Quand le climat sociopolitique devient musical, les consciences s’éveillent plus facilement. C’est notamment le cas pour le collectif Sowal Diabi né en 2019 en Belgique initié par Saïd Assabi autour d’une réflexion sur l’apport des réfugiés. Dans ce collectif, on retrouve la chanteuse malienne Mamani Keita, son homologue et violoniste iranienne Aida Nosrat, la joueuse du luth târ iranienne Sogol Mirzaei, le chanteur et virtuose turc d’origine kurde Rusan Filiztek, le joueur de tablas afghan Siar Hashimi et enfin tous les musiciens du groupe d’ethio-jazz français Arat Kilo qui viendront faire parler leurs talents respectifs sur un premier album intitulé From Kaboul To Bamako.

Tout au long de ces quatorze nouveaux titres, Sowal Diabi (« sowal » veut dire « question » en persan et « diabi » veut dire « réponse » en bambara) brise toutes frontières musicales à bon escient. Peu importe si l’on retrouve les sonorités balkaniques, orientales ou encore de l’Afrique de l’Ouest, le grand carrefour musical reste incroyablement vibrant et dépaysant avec de sublimes pièces telles que « Désert », « Kera Kera » euphorique en son genre ou bien encore « Dalila ».

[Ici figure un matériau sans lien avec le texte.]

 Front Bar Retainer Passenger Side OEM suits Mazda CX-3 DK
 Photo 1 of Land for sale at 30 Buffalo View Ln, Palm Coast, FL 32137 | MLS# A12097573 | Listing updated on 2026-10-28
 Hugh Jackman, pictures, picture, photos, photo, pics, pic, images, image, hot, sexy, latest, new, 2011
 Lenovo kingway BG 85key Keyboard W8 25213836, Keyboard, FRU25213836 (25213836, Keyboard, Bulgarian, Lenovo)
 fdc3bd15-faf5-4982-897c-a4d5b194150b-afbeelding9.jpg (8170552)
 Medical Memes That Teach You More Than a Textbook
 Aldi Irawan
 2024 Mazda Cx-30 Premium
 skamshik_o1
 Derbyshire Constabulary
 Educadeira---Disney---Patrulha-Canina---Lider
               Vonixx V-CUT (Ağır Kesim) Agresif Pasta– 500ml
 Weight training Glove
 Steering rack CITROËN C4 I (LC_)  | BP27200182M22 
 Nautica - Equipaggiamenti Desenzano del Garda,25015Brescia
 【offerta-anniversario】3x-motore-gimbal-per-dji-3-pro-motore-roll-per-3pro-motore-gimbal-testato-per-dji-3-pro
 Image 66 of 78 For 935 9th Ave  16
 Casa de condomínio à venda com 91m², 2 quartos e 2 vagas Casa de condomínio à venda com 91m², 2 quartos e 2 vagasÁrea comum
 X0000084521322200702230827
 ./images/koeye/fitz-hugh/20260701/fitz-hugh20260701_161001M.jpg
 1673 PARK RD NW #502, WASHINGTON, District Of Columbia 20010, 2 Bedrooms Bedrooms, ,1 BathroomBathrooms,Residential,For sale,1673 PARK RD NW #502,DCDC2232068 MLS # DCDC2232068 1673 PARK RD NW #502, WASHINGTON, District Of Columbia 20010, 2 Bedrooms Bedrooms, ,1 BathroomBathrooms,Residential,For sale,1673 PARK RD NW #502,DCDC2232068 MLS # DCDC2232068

On navigue à travers une multitude d’émotions avec entre autres des moments dansants (« Solila », « Dia Barani ») et d’autres plus poignants et contemplatifs (« Master Gui », « Écoute Le Ney »). L’alchimie entre Mamani Keïta et Aida Nosrat fait mouche tant elles ramènent des vibrations locales pour mieux nous dépayser avec notamment « Râhé Nour » ou encore « Snow In Addis » avant de nous aventurer vers des terrains balkans sur « Drum Talk » et « Mirage ». Et c’est ce qui fera la force de Sowal Diabi qui appelle au rassemblement et à l’ouverture sur le monde avec un premier album voyageur et harmonieux.